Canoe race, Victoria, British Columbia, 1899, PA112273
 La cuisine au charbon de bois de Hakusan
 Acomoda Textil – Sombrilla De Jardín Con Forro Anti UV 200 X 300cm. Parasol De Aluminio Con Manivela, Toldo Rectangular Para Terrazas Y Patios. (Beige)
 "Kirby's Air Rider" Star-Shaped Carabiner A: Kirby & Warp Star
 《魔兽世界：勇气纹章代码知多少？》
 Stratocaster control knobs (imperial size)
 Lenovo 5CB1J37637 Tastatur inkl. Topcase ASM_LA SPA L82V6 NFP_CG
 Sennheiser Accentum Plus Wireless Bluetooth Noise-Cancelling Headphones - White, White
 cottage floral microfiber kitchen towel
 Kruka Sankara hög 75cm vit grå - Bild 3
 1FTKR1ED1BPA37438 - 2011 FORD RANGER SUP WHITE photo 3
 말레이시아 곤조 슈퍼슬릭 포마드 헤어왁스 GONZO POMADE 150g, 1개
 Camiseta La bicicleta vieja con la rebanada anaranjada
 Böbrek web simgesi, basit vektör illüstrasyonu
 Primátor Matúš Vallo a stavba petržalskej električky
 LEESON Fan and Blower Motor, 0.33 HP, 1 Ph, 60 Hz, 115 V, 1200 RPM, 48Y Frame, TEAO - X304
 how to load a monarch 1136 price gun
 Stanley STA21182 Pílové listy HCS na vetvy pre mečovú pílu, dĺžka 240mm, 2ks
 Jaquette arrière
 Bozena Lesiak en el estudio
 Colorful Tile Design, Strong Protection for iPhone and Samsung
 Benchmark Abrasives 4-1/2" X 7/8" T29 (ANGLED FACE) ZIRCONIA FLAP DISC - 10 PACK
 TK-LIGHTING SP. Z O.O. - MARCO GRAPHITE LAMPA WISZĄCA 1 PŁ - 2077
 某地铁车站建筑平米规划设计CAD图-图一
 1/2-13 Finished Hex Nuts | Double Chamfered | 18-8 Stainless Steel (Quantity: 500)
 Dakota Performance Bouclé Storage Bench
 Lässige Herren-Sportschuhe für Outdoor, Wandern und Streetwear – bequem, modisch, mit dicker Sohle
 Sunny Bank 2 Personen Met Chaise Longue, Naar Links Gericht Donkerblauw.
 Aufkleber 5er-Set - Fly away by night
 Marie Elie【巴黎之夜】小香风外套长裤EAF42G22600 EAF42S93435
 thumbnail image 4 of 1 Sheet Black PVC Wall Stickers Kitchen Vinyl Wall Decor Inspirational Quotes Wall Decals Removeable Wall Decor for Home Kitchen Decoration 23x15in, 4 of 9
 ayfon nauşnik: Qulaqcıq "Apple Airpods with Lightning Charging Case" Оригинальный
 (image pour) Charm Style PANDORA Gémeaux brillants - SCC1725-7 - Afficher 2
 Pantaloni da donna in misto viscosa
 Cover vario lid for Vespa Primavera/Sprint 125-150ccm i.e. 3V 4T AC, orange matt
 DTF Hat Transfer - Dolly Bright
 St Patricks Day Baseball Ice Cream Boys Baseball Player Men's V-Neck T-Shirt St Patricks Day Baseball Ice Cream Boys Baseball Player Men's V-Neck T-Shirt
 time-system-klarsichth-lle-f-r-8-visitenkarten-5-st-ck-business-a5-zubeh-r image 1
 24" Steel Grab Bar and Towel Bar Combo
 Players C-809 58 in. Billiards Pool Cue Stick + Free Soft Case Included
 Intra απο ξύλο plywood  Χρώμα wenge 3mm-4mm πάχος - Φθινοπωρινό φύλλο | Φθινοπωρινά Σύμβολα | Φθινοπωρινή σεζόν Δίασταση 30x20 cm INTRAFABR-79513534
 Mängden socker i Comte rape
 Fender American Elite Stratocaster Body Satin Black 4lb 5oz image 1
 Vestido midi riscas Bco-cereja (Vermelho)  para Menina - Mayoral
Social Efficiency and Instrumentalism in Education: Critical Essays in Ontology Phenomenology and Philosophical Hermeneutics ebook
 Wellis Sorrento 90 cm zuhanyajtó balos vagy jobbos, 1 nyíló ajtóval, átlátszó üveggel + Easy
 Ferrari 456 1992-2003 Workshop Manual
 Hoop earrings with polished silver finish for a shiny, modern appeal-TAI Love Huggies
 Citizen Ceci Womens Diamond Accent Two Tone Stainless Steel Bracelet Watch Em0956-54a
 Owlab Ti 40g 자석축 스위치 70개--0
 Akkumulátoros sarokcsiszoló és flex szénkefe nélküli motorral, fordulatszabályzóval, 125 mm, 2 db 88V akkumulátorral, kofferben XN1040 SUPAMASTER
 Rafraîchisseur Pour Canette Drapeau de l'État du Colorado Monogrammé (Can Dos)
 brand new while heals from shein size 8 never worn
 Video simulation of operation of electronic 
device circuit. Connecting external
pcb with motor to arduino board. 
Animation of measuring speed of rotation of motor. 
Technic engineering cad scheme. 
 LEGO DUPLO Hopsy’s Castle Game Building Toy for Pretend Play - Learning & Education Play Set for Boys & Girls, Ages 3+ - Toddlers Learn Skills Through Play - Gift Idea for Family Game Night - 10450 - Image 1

---

• What to do: Exactly as written, restate every line of the listing above.

• Solution for this task:
Canoe race, Victoria, British Columbia, 1899, PA112273
 La cuisine au charbon de bois de Hakusan
 Acomoda Textil – Sombrilla De Jardín Con Forro Anti UV 200 X 300cm. Parasol De Aluminio Con Manivela, Toldo Rectangular Para Terrazas Y Patios. (Beige)
 "Kirby's Air Rider" Star-Shaped Carabiner A: Kirby & Warp Star
 《魔兽世界：勇气纹章代码知多少？》
 Stratocaster control knobs (imperial size)
 Lenovo 5CB1J37637 Tastatur inkl. Topcase ASM_LA SPA L82V6 NFP_CG
 Sennheiser Accentum Plus Wireless Bluetooth Noise-Cancelling Headphones - White, White
 cottage floral microfiber kitchen towel
 Kruka Sankara hög 75cm vit grå - Bild 3
 1FTKR1ED1BPA37438 - 2011 FORD RANGER SUP WHITE photo 3
 말레이시아 곤조 슈퍼슬릭 포마드 헤어왁스 GONZO POMADE 150g, 1개
 Camiseta La bicicleta vieja con la rebanada anaranjada
 Böbrek web simgesi, basit vektör illüstrasyonu
 Primátor Matúš Vallo a stavba petržalskej električky
 LEESON Fan and Blower Motor, 0.33 HP, 1 Ph, 60 Hz, 115 V, 1200 RPM, 48Y Frame, TEAO - X304
 how to load a monarch 1136 price gun
 Stanley STA21182 Pílové listy HCS na vetvy pre mečovú pílu, dĺžka 240mm, 2ks
 Jaquette arrière
 Bozena Lesiak en el estudio
 Colorful Tile Design, Strong Protection for iPhone and Samsung
 Benchmark Abrasives 4-1/2" X 7/8" T29 (ANGLED FACE) ZIRCONIA FLAP DISC - 10 PACK
 TK-LIGHTING SP. Z O.O. - MARCO GRAPHITE LAMPA WISZĄCA 1 PŁ - 2077
 某地铁车站建筑平米规划设计CAD图-图一
 1/2-13 Finished Hex Nuts | Double Chamfered | 18-8 Stainless Steel (Quantity: 500)
 Dakota Performance Bouclé Storage Bench
 Lässige Herren-Sportschuhe für Outdoor, Wandern und Streetwear – bequem, modisch, mit dicker Sohle
 Sunny Bank 2 Personen Met Chaise Longue, Naar Links Gericht Donkerblauw.
 Aufkleber 5er-Set - Fly away by night
 Marie Elie【巴黎之夜】小香风外套长裤EAF42G22600 EAF42S93435
 thumbnail image 4 of 1 Sheet Black PVC Wall Stickers Kitchen Vinyl Wall Decor Inspirational Quotes Wall Decals Removeable Wall Decor for Home Kitchen Decoration 23x15in, 4 of 9
 ayfon nauşnik: Qulaqcıq "Apple Airpods with Lightning Charging Case" Оригинальный
 (image pour) Charm Style PANDORA Gémeaux brillants - SCC1725-7 - Afficher 2
 Pantaloni da donna in misto viscosa
 Cover vario lid for Vespa Primavera/Sprint 125-150ccm i.e. 3V 4T AC, orange matt
 DTF Hat Transfer - Dolly Bright
 St Patricks Day Baseball Ice Cream Boys Baseball Player Men's V-Neck T-Shirt St Patricks Day Baseball Ice Cream Boys Baseball Player Men's V-Neck T-Shirt
 time-system-klarsichth-lle-f-r-8-visitenkarten-5-st-ck-business-a5-zubeh-r image 1
 24" Steel Grab Bar and Towel Bar Combo
 Players C-809 58 in. Billiards Pool Cue Stick + Free Soft Case Included
 Intra απο ξύλο plywood  Χρώμα wenge 3mm-4mm πάχος - Φθινοπωρινό φύλλο | Φθινοπωρινά Σύμβολα | Φθινοπωρινή σεζόν Δίασταση 30x20 cm INTRAFABR-79513534
 Mängden socker i Comte rape
 Fender American Elite Stratocaster Body Satin Black 4lb 5oz image 1
 Vestido midi riscas Bco-cereja (Vermelho)  para Menina - Mayoral
Social Efficiency and Instrumentalism in Education: Critical Essays in Ontology Phenomenology and Philosophical Hermeneutics ebook
 Wellis Sorrento 90 cm zuhanyajtó balos vagy jobbos, 1 nyíló ajtóval, átlátszó üveggel + Easy
 Ferrari 456 1992-2003 Workshop Manual
 Hoop earrings with polished silver finish for a shiny, modern appeal-TAI Love Huggies
 Citizen Ceci Womens Diamond Accent Two Tone Stainless Steel Bracelet Watch Em0956-54a
 Owlab Ti 40g 자석축 스위치 70개--0
 Akkumulátoros sarokcsiszoló és flex szénkefe nélküli motorral, fordulatszabályzóval, 125 mm, 2 db 88V akkumulátorral, kofferben XN1040 SUPAMASTER
 Rafraîchisseur Pour Canette Drapeau de l'État du Colorado Monogrammé (Can Dos)
 brand new while heals from shein size 8 never worn
 Video simulation of operation of electronic 
device circuit. Connecting external
pcb with motor to arduino board. 
Animation of measuring speed of rotation of motor. 
Technic engineering cad scheme. 
 LEGO DUPLO Hopsy’s Castle Game Building Toy for Pretend Play - Learning & Education Play Set for Boys & Girls, Ages 3+ - Toddlers Learn Skills Through Play - Gift Idea for Family Game Night - 10450 - Image 1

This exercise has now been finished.